Late rally bails out A.J. Burnett.

Yankee Lightning is a phrase that came to life in the late 1990's as a way of describing the seemingly inevitable comebacks pulled off by those championship teams.

Monday night's 5-4 win looked like a classic case of Yankee Lightning striking the opposition. Trailing 4-2 after seven innings, the Yankees posted two runs in the eighth and added one more in the ninth to wind up as the winners.

The comeback rewrote the script of a game that looked like it was following two other well-worn storylines until that point in time. The first was the Yankee habit of failing to hit pitchers they've never seen before and the second was A.J. Burnett's habit of sometimes showing up for work without any chance of stopping the opposition.

Alex Cobb was called up by the Rays to start on Monday night and he did a swell job of quieting the Yankee bats. He allowed just two runs in six innings by following the path blazed by so many others of relying on offspeed stuff around the strike zone to keep the Yankees off the bases.
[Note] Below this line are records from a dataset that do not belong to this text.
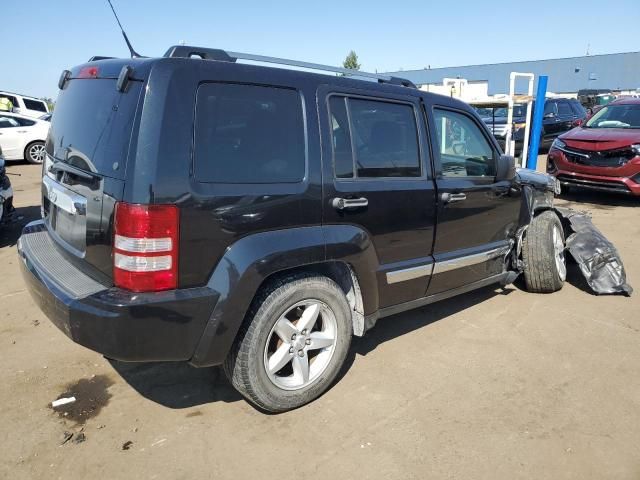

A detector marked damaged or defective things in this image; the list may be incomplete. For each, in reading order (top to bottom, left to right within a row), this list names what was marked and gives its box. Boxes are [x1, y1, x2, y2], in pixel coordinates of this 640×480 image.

detached bumper on ground [18, 221, 219, 360]
damaged black suv [18, 46, 576, 412]
crumpled body panel [552, 207, 632, 294]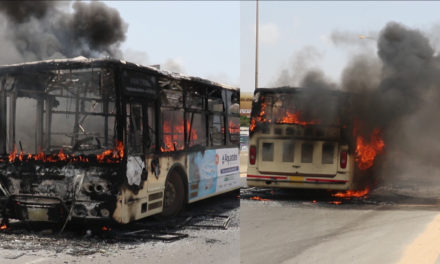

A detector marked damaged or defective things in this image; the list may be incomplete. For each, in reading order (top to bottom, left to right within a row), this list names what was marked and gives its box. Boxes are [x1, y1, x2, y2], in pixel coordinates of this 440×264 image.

destroyed vehicle [0, 56, 241, 224]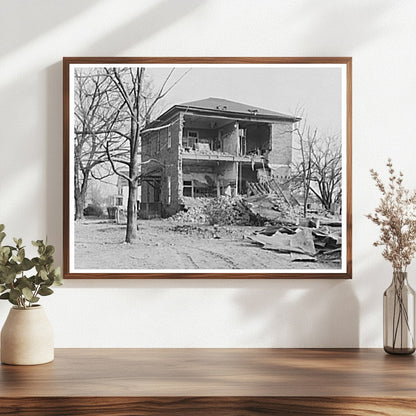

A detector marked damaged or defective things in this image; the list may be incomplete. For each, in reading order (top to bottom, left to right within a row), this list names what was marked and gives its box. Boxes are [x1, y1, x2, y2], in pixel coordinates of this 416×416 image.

damaged brick building [141, 97, 300, 218]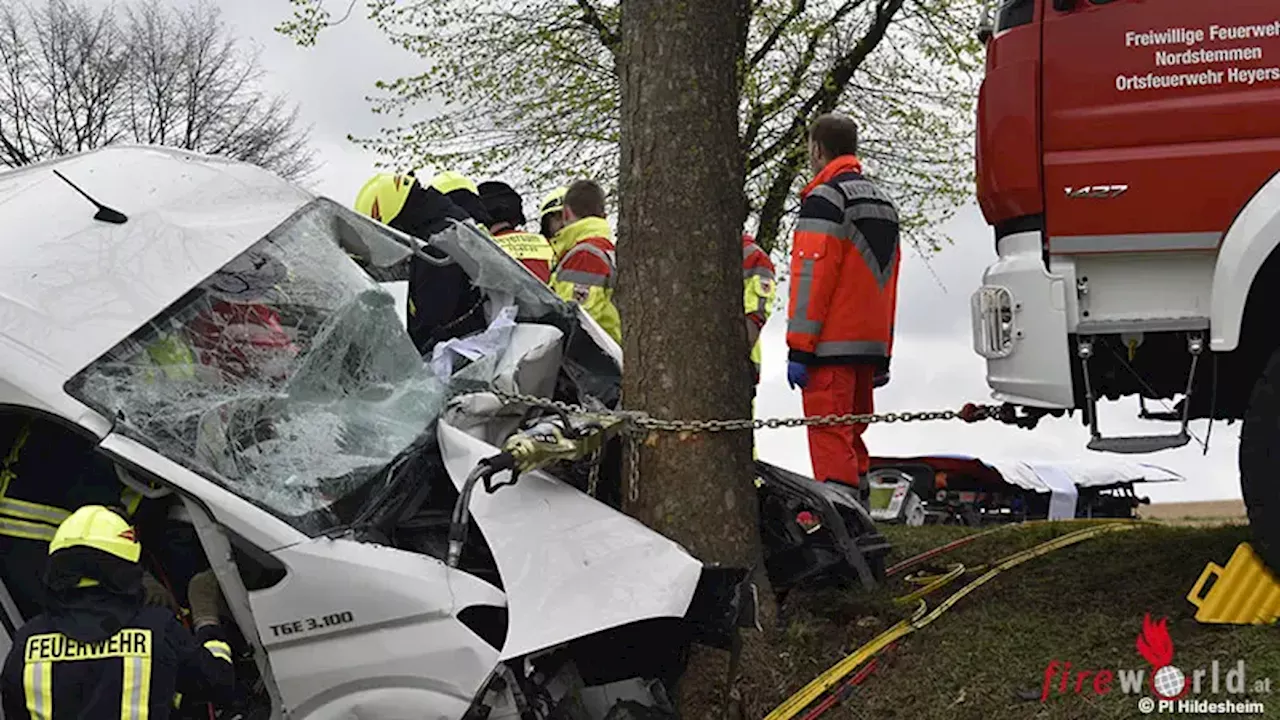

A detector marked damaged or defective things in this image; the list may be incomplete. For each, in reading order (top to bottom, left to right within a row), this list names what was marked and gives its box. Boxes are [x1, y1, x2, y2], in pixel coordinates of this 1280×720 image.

shattered windshield [66, 200, 456, 532]
severely damaged white van [0, 146, 884, 720]
crumpled vehicle hood [438, 404, 700, 660]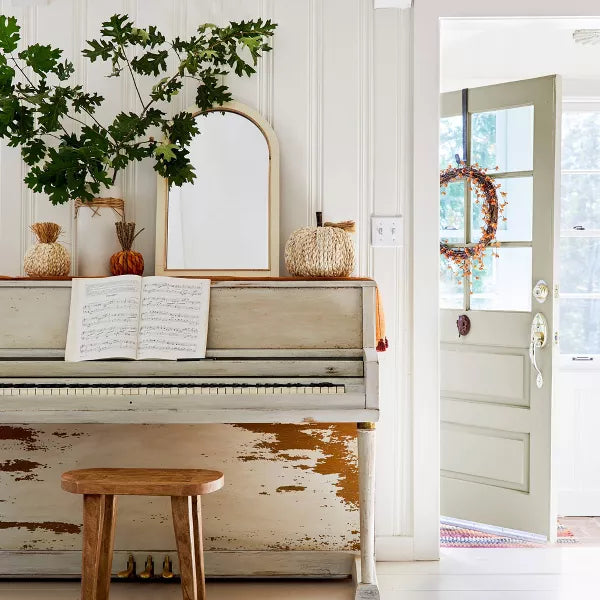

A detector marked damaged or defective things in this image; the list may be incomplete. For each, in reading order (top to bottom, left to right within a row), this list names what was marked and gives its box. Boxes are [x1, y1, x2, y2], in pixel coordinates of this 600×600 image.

chipped piano paint [0, 422, 356, 556]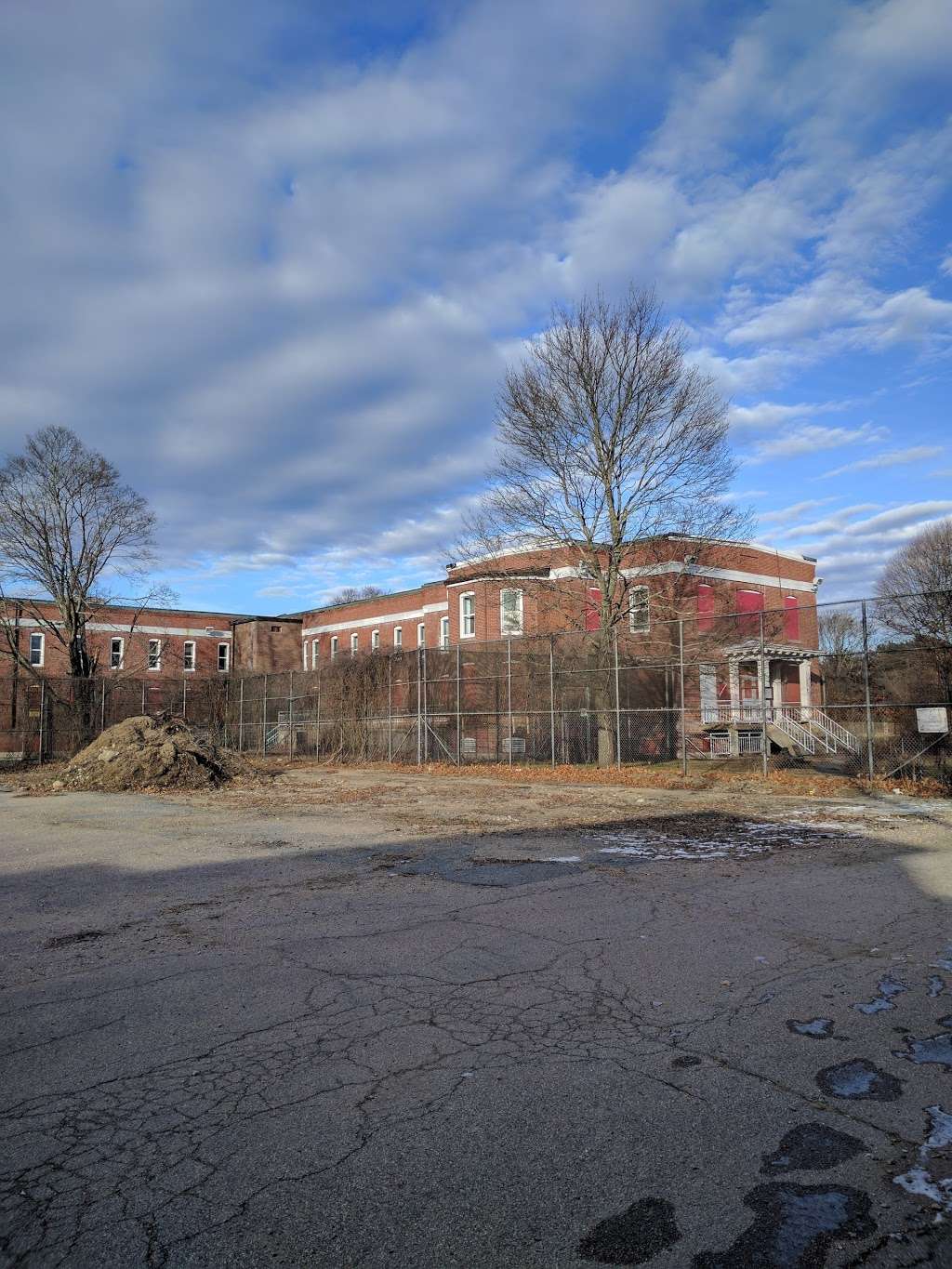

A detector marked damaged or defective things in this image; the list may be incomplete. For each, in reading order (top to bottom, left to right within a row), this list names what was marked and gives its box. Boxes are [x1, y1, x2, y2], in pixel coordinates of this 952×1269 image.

cracked asphalt pavement [2, 770, 952, 1264]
Burnett did nothing of the sort, throwing his pitches every which way and watching the rare one over the plate get battered back into the field of play. He allowed four runs in the first two innings, 14 baserunners in 5.1 innings and it is lucky the number wasn't higher in both cases because the offense might not have been able to bail him out if he was even a little worse.

This wasn't your normal case of Yankee Lightning, however, because actual lightning played a role in the proceedings. The Tropicana Dome was hit by a bolt during Robinson Cano's at-bat in the fifth inning on Monday night, knocking out a bank of lights and causing a delay that lasted almost 20 minutes.
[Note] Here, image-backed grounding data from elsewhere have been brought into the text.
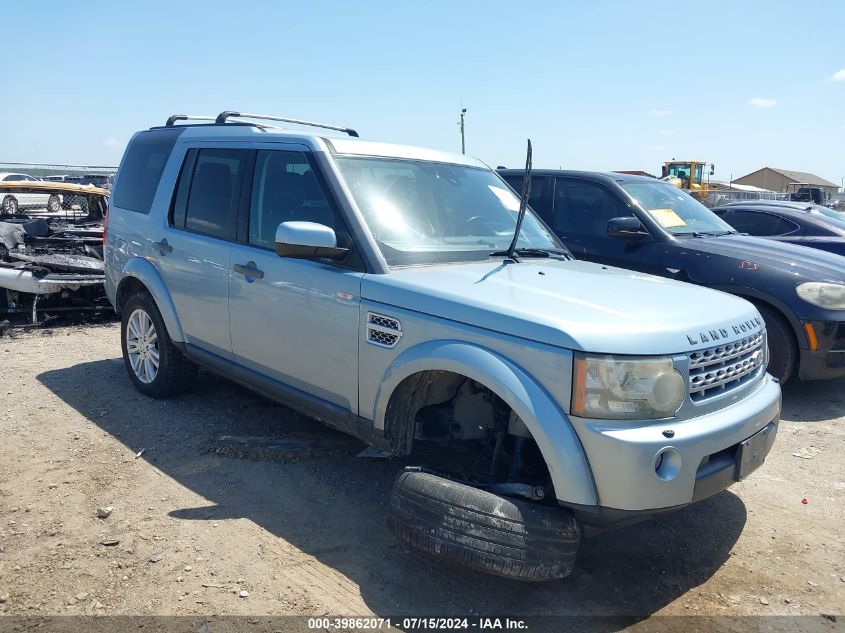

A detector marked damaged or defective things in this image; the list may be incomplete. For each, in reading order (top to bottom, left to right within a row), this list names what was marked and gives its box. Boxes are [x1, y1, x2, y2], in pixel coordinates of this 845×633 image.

damaged vehicle [0, 181, 109, 320]
detached tire [121, 290, 197, 396]
damaged vehicle [107, 111, 784, 580]
detached tire [756, 304, 796, 382]
detached tire [388, 466, 580, 580]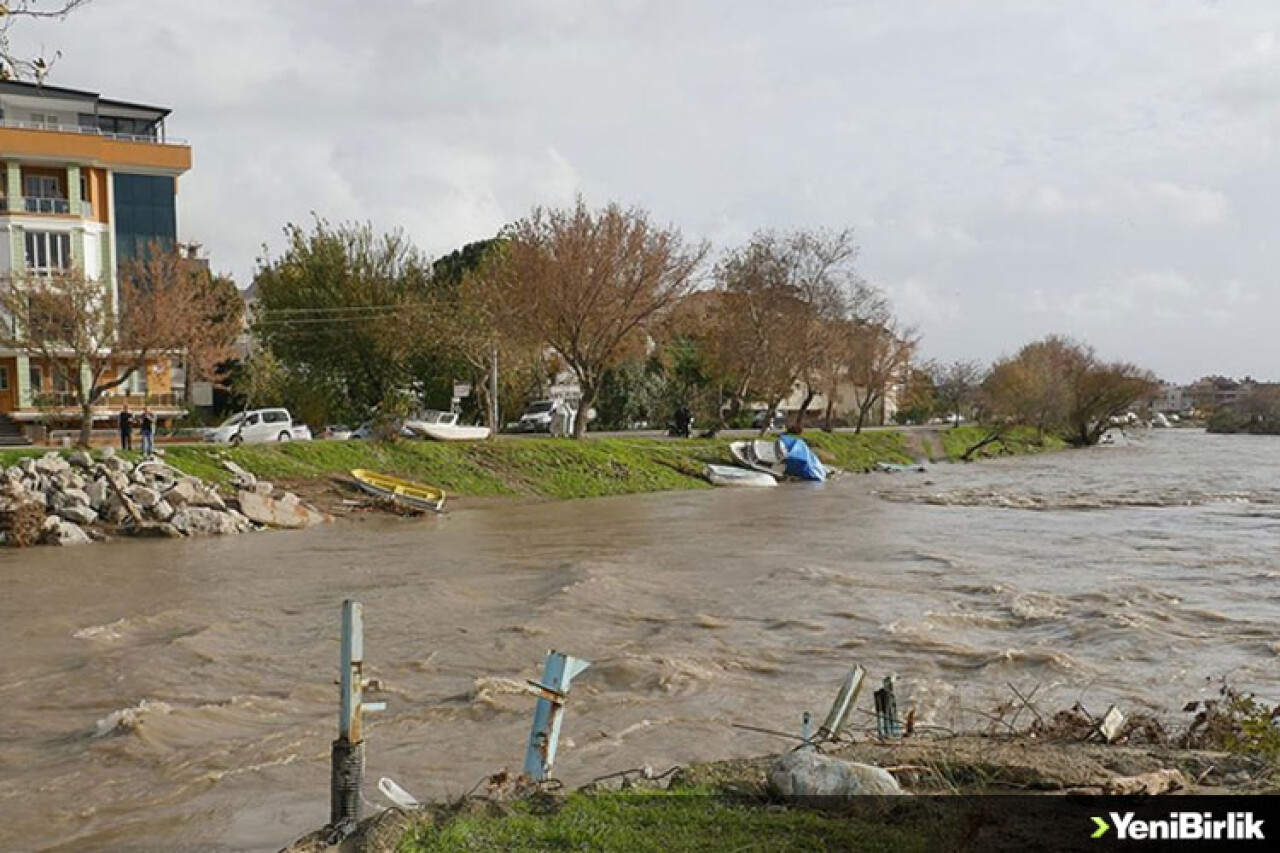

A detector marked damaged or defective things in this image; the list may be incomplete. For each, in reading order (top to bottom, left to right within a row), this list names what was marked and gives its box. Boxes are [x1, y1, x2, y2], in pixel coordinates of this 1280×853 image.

rusty metal pole [332, 596, 368, 829]
rusty metal pole [522, 648, 591, 778]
When the game returned, the Yankee bats suddenly came to life as well. The Yankees were 2-for-17 before the outage, but went 6-for-19 with five walks once the lights returned to life which makes you think maybe there's something to the Yankee Lightning thing after all.

Or maybe there's just something to playing a team a night after they played a 16-inning game against the Red Sox. The Rays bullpen that blew the game was overtaxed to the point that Joe Maddon tried to use Kyle Farnsworth to get a five-out save when the Yankees put a couple of runners on in the eighth.

Seeing Farnsworth succeed this season has likely baffled most Yankee fans, so it was reassuring to see him do what he did in the Bronx and blow the lead in the eighth. The Rays then had to turn to rookie Alex Torres to make his big league debut in the ninth, a decision that wound up leading to three straight two-out walks with the last one forcing in Curtis Granderson with the winning run.

Not your everyday Yankee win, but you'll take them any way you can get them when Burnett pitches the way he did on Monday. You don't overcome Bad A.J. all that often, so it is worth celebrating the times that you do, even if you needed a little help from some unlikely friends.